*** Begin section ***
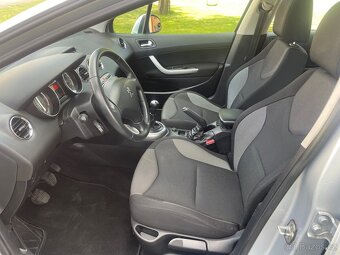 Peugeot 308 1,6 VTi, 2011 - 5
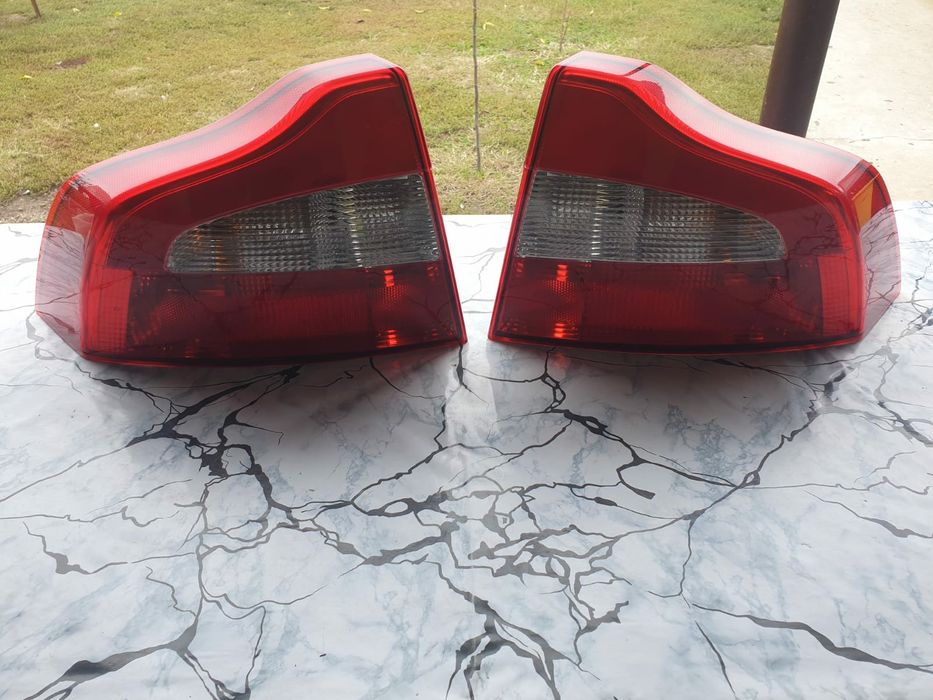 Set Lampa Stop Volvo S80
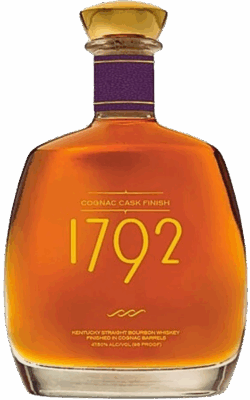 1792 Extended Cask Finish spirit image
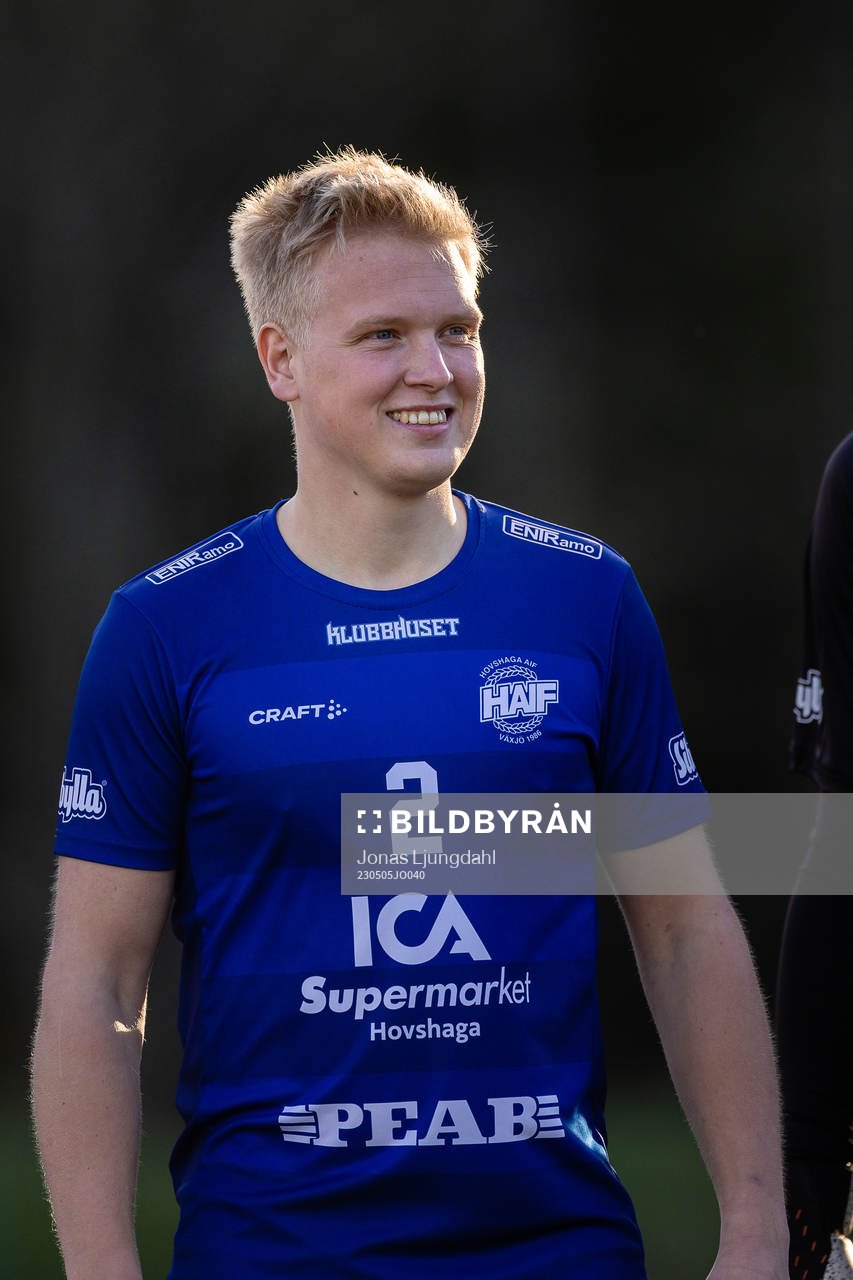 Hovshagas Hugo Nordin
*** End section ***
In copying the listing, reproduce each line exactly and omit the pictures.

 Peugeot 308 1,6 VTi, 2011 - 5
 Set Lampa Stop Volvo S80
 1792 Extended Cask Finish spirit image
 Hovshagas Hugo Nordin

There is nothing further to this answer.